Where: Adam's place.
When: Pre-plot
Warnings/Rating: Sadness
Adam was selling his nerd stuff. He wasn’t selling it online or peddling it to buyers who actually knew the value of each comic book, statue and limited edition trading card. No, Adam was having a garage sale in front of his clean condo. Boxes of comics that he hadn’t burned in a drunken stupor months ago where sprawled out across the lawn. Figurines with no price tag were neatly lined up with the more interesting ones in front. The rest he’d take out back and smash with MK watching on pretending not to be worried. Maybe she’d even pretend that she enjoyed seeing all of his fantasy worlds destroyed right in front of her very eyes. He hoped so. Adam was starting to like that twist of resentment she gave him.

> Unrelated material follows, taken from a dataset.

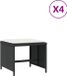 vidaXL Tuinkrukken - 4 stuks - met kussens - 40x40x35 cm - poly rotan - zwart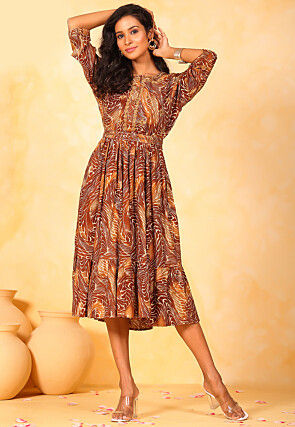 Printed Rayon Aline Dress in Brown and Mustard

Sitting on the lawn in a black t-shirt, jeans and sunglasses, he looked up at the sky and was briefly grateful that it wasn’t raining today. Maybe it would be better if it had. Adam imagined the sky opening up, literally blue tearing apart at the seams and waves of grey water washing away everything that he used to value as much as his friends. As much as his own ideals in Seattle about justice and helping people. All of that was up for sale, too.
A small boy walked past (presumably on his way to a friend’s house), stopping at the sight of an old Superman figuring and smiled brightly in a way most adults forgot how. “How much is Superman?”
Adam didn’t smile back. He looked up from his book about medical history and unconventional practices. “Whatever is in your pocket.” He murmured. The boy seemed suspicious it was that easy, slammed a button, some lint and a nickel on the table before reaching for the Superman figure. But, he didn’t take it. Even a little kid knew that it was worth more than a coin. Adam didn’t understand the hesitation. Why didn’t he just take like everyone else? “Yours.” Adam said and looked back down at his book. The boy didn’t move for a moment, his grip tightened around Superman and then he suddenly pulled the figurine to his chest and darted off like he had just stolen something valuable.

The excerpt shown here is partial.